The FDA has released the latest version of the Clinical Drug Interaction Studies – Cytochrome P450 Enzyme- and Transporter-Mediated Drug Interactions Guidance for Industry.
This final document aims to assist companies submitting applications for new investigational drugs to assess drug-drug interactions (DDIs) during their development. It also helps to determine the essential information that should be communicated in labelling.
Changes in the guide compared to the draft
Among other things, the agency explains that DDIs are a critical factor in a drug’s overall benefit-risk profile. The results of in vitro DDI studies and pharmacokinetic (PK) data provide mechanistic information that can inform the need for and proper design of potential future clinical studies.

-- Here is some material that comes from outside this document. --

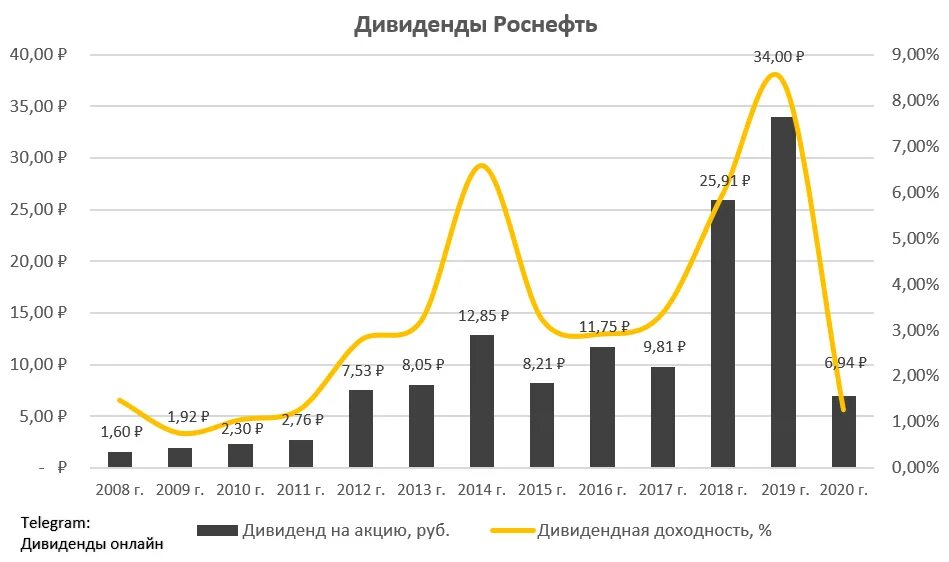 Акции Роснефть дивиденды. График Роснефть. Роснефть графики. Роснефть диаграмма.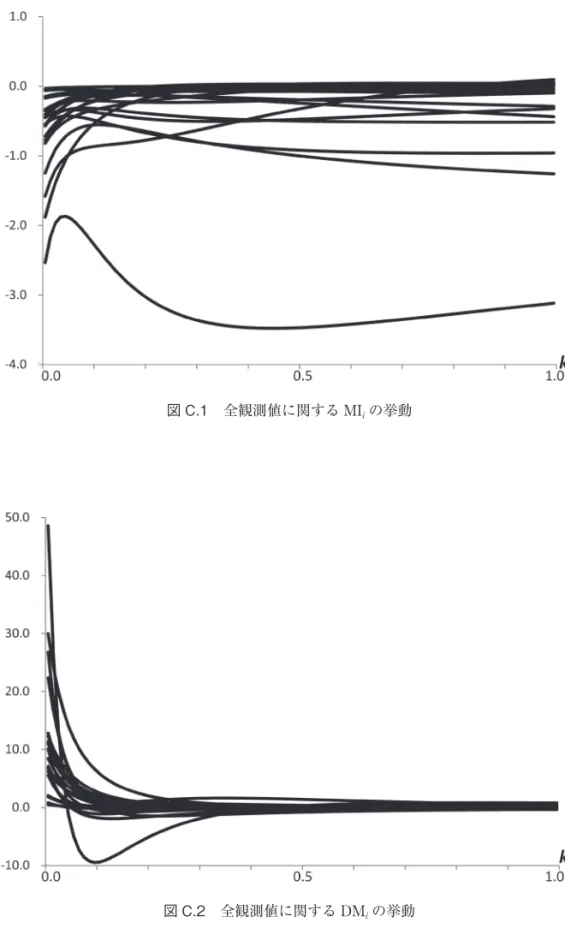 図 C.1　全観測値に関する MI i の挙動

The final DDI guideline also encourages the initiation of DDI studies prior to first-in-human studies. Recommendations to evaluate the role of metabolites in DDI have also been enhanced.
Recommendations in the transporter-mediated DDI studies
For transporter-mediated DDI studies, various points have been added to with more detailed descriptions. A key point to note is the recommendation that sufficient total recovery of the test compound should be demonstrated in studies of transport substrate and inhibitors. When studying OATP1B1/3 inhibition, pre-incubation can be considered to cover time-dependent inhibition. Only one recommended limit value is given for renal transport inhibition, instead of the two different values mentioned above for OAT/OCT and MATE.
Once the final guidelines have been drawn up, it can be concluded that changes in in vitro studies are few if they have previously been carried out with good scientific practices and the requirements have been met so far.